Parents are being polled this week on whether students should be moved to another school during construction. The TDSB has also vowed to monitor contamination, noise, dust and student safety. The playgrounds will be relocated to more remote areas of the school property. New windows and air conditioning units will have to be installed, with a total mitigation bill standing at $750,000 according to the TDSB.

KG Group recently agreed to pay $500,000 to the school - a sum it says covers mitigation measures and tiebacks, long, supportive anchors that which will be drilled into TDSB land, potentially reducing its value.

With local schools over capacity, Ms. Gershon says there are no immediate plans to sell John Fisher. “Right now, we are in discussions with the developer and the city - we are assessing what we can accomplish. The discussions have been very positive.”

Mr. Silva is disturbed by what he sees as a shaky path the TDSB is on. “The board is securing these kinds of deals with developers,” he says. “They’re doing it at the expense of the very policies that are used to protect their sites. It’s hypocrisy.”

But the TDSB warns that as the city grows, change is coming for other schools. There are 15 schools in areas in Toronto where high-rises are allowed by zoning and could soon spring up next door. “People are going to have to get used to 30-storey towers,” Mr. Parry says.
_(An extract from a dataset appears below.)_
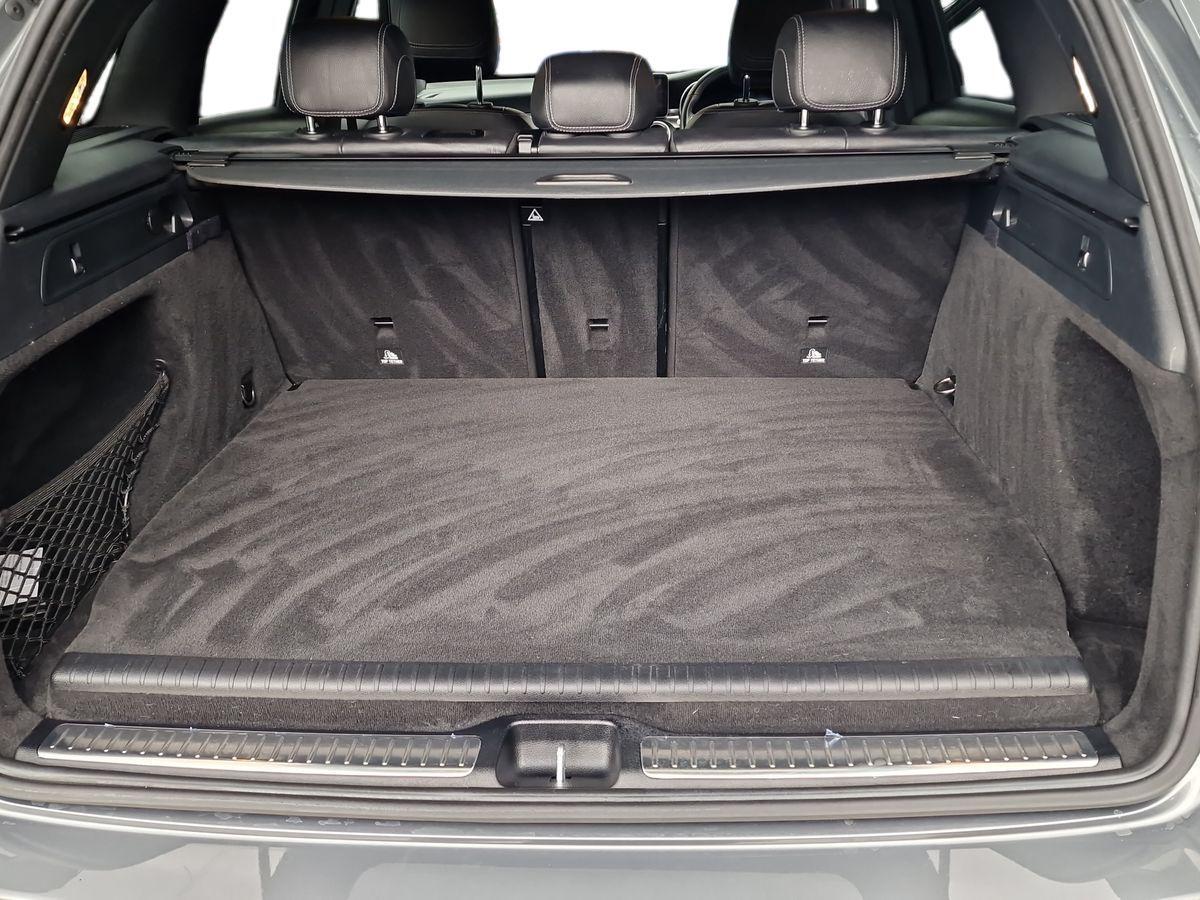 Used Mercedes-Benz GLC 2020 for sale - 75728681: Photo 11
New reforms to the OMB, which will limit developers’ ability to challenge zoning regulations, mean the John Fisher planning battle is unlikely to be repeated, Ms. Keesmaat says. Still, she warns, the city and the school board are on a collision course. The TDSB has applied to the OMB to change the city’s Official Plan that identifies school land as public space. The designation limits the board’s ability to sell off land to generate revenue it desperately needs to build new schools.

“If they’re selling off parkland to fund an underfunded school system, then the model is problematic,” Ms. Keesmaat says. “If this goes to the OMB, the city’s policy is that this is park space. It should hold. We will be fighting against the TDSB.”